Wheat, once referred to as "King Wheat" in the Upper Midwest, isn't as common as it once was, with corn and soybeans becoming more popular. New, faster-maturing varieties that require less moisture allow corn and beans to grow in areas where that once were too risky.
"We saw a lot of corn and beans" during the tour, Walker says.
Still, most farmers in North Dakota and northwest Minnesota continue to grow wheat -- and a record wheat yield would put more money into farmers' pockets and their local economies.
The annual wheat tour is intended, in part, to help wheat industry employees learn more about Upper Midwest wheat. Many of this year's 66 participants -- who split up into small teams, each of which were assigned an area -- had limited firsthand knowledge of the region's wheat.

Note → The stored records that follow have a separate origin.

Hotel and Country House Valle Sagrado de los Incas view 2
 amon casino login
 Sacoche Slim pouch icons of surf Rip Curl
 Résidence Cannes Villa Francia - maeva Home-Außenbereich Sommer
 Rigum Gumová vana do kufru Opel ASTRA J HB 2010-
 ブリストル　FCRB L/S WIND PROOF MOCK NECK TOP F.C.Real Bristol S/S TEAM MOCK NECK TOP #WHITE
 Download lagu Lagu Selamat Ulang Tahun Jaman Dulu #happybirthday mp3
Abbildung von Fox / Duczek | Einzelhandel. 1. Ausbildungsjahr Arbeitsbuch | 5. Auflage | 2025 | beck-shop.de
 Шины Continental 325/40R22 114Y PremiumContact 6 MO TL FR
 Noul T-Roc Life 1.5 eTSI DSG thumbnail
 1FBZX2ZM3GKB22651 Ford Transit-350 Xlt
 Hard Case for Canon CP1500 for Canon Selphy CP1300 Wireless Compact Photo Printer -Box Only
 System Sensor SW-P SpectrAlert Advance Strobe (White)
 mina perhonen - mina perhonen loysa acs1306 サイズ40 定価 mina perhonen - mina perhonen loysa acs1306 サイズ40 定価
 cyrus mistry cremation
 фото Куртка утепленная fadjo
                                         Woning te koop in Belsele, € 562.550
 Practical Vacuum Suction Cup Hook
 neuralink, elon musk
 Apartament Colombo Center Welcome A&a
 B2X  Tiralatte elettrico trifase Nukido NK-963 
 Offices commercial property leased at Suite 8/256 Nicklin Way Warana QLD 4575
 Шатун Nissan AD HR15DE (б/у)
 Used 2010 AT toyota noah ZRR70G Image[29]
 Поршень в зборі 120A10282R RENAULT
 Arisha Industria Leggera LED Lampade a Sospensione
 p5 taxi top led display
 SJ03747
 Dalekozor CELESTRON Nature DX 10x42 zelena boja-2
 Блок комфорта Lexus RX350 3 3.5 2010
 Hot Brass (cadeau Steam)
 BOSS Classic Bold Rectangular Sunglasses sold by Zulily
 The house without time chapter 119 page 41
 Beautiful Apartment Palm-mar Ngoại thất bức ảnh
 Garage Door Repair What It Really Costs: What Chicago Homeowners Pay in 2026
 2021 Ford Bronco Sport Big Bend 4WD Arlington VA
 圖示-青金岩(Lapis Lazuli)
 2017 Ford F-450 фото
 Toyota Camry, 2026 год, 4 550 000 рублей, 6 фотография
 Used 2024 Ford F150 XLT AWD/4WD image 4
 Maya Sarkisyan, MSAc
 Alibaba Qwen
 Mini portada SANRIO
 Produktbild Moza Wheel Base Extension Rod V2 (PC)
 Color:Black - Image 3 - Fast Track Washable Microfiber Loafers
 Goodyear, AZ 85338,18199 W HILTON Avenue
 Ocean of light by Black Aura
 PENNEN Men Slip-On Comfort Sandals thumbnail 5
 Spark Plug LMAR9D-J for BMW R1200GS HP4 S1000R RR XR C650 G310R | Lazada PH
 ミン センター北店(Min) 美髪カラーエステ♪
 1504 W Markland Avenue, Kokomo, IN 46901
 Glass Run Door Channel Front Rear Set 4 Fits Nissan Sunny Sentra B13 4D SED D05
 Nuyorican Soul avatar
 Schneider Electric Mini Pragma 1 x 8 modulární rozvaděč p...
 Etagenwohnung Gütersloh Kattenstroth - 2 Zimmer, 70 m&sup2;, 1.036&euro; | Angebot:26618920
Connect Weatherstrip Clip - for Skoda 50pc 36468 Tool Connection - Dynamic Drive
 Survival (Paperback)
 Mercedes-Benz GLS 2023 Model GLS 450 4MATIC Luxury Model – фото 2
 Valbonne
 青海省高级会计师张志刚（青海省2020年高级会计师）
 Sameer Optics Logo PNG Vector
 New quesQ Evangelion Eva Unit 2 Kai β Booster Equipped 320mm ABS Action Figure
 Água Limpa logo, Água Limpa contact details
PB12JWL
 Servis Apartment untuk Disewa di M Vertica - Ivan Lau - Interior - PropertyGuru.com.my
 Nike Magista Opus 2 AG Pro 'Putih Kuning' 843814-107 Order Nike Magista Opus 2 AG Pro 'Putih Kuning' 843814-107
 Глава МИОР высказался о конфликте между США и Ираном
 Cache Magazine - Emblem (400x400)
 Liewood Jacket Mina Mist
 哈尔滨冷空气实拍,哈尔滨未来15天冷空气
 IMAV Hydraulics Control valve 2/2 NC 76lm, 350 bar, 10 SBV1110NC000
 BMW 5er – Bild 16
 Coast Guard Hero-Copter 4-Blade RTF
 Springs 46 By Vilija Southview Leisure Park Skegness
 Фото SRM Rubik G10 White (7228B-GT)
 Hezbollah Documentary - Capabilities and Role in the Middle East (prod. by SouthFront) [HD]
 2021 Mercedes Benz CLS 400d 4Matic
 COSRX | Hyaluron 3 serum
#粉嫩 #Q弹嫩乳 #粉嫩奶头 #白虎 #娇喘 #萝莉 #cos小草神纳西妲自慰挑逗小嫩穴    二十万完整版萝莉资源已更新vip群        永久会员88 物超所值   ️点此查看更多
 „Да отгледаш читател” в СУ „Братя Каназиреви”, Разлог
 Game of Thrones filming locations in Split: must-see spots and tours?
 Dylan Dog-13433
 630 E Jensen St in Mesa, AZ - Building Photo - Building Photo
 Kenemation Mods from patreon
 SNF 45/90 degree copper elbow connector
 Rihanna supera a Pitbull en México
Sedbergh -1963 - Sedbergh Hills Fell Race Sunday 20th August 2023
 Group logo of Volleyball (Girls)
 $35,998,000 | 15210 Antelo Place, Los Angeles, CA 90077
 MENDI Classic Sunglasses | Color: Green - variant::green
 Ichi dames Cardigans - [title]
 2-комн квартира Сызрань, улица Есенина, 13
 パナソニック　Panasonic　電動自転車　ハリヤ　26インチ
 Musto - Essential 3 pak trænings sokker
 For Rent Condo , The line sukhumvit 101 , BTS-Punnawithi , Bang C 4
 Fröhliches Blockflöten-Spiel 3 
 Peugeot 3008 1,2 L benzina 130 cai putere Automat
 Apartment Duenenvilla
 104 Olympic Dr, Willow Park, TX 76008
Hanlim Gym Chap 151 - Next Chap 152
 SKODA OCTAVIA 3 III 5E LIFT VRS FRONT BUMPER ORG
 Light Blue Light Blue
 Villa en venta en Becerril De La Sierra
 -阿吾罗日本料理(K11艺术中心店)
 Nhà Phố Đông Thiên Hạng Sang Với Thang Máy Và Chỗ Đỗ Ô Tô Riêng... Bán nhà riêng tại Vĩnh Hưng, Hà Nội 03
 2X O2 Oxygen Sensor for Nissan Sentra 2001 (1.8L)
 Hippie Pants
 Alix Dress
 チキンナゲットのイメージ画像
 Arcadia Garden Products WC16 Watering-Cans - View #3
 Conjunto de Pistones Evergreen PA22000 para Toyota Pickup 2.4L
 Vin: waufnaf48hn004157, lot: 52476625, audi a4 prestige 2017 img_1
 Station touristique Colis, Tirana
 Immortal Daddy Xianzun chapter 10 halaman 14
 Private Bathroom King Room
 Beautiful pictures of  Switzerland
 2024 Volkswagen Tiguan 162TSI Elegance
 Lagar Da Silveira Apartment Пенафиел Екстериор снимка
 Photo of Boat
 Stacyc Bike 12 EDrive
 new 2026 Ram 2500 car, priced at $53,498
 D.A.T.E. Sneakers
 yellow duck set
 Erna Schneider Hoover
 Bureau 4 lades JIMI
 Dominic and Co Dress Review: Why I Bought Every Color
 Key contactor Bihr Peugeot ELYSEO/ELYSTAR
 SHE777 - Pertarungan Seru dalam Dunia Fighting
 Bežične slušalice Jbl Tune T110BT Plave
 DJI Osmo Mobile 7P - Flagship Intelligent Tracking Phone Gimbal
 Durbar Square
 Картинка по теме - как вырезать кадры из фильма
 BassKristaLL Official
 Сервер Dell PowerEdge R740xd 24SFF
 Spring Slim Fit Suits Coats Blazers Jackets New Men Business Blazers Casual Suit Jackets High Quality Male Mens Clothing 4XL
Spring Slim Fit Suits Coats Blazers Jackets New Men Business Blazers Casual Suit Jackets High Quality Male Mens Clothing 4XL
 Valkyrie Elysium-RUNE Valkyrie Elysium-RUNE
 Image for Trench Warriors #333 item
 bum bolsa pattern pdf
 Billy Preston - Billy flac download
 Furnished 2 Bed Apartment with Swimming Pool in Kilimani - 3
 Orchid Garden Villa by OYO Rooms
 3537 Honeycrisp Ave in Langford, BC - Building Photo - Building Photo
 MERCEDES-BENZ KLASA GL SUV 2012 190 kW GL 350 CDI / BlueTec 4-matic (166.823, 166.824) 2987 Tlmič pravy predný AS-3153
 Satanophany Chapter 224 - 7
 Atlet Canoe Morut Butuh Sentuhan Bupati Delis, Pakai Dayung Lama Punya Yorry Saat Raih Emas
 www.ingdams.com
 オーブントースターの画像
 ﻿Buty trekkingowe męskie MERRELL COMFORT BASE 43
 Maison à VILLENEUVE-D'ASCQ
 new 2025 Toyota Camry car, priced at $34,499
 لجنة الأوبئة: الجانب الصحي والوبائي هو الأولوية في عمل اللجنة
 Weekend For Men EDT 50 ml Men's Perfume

In contrast, Walker has been on 22 annual tours. Because of his experience, he led a team Thursday morning in Devils Lake, N.D.
Wheat is important to Miller Milling, which on its website describes itself as "one of the top four milling operations in the U.S." and a "full-service milling resource." And because North Dakota is a major player in wheat production, the quality and quantity of the state's wheat crop is important to Walker.
So he was pleased by what he saw on this year's tour.
"The crop still needs to be harvested. But it's looking good so far," he says.